• **PROBLEM TO WORK ON**:
Below is a listing. Set down exactly the lines from the one containing "BMW 3 Series 325Li M Sport Package - ფოტო 8" through the one containing "Fysh F-3747 Eyeglasses - view 3", both ends included, and leave out the rest.

++++ SUPPLIED RECORDS ++++

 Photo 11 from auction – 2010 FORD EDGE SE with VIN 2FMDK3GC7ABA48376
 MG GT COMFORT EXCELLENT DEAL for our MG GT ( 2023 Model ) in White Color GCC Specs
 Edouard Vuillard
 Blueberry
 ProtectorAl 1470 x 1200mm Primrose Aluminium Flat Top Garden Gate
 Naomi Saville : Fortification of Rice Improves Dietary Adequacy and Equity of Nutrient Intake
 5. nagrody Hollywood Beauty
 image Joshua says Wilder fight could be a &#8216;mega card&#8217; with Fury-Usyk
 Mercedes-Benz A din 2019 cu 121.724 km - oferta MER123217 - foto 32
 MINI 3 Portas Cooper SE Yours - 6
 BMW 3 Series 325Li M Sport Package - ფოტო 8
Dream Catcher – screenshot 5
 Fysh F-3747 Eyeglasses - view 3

++++
++++ SUPPLIED RECORDS ++++

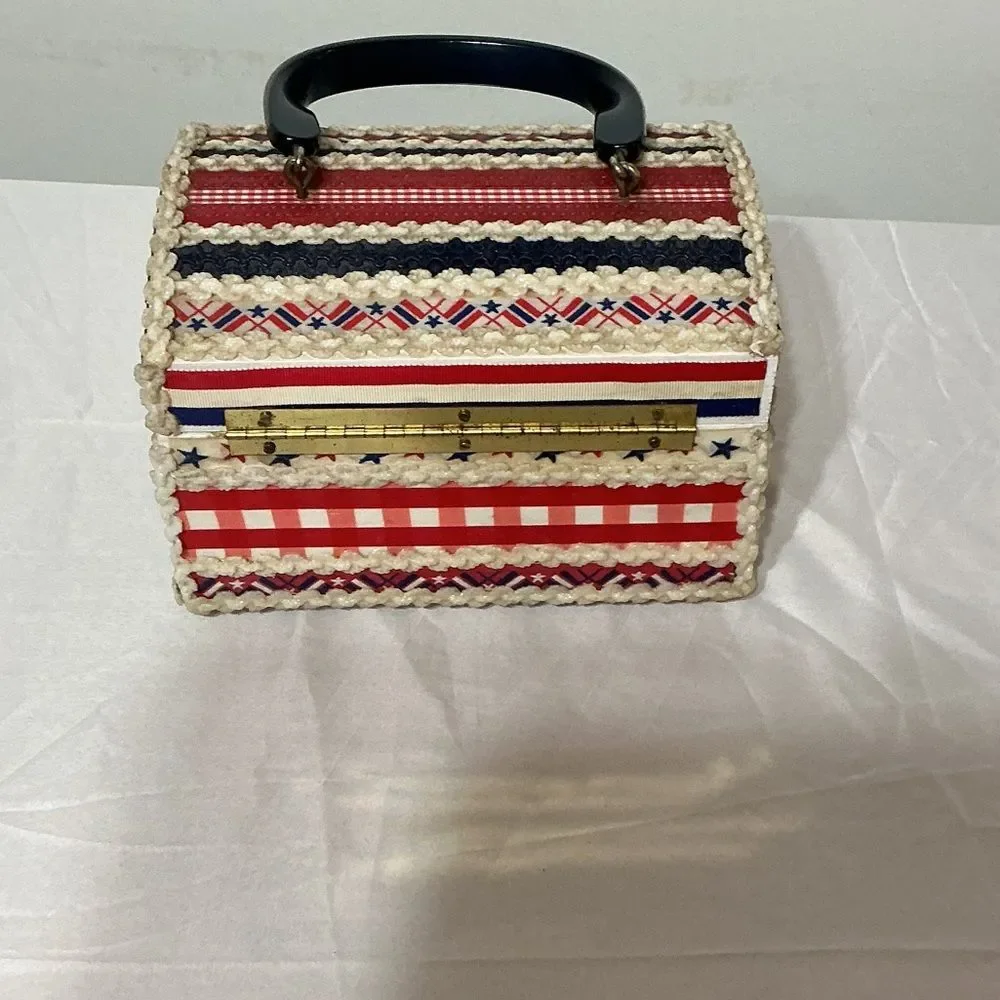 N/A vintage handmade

++++

• **EXPECTED ANSWER**:
 BMW 3 Series 325Li M Sport Package - ფოტო 8
Dream Catcher – screenshot 5
 Fysh F-3747 Eyeglasses - view 3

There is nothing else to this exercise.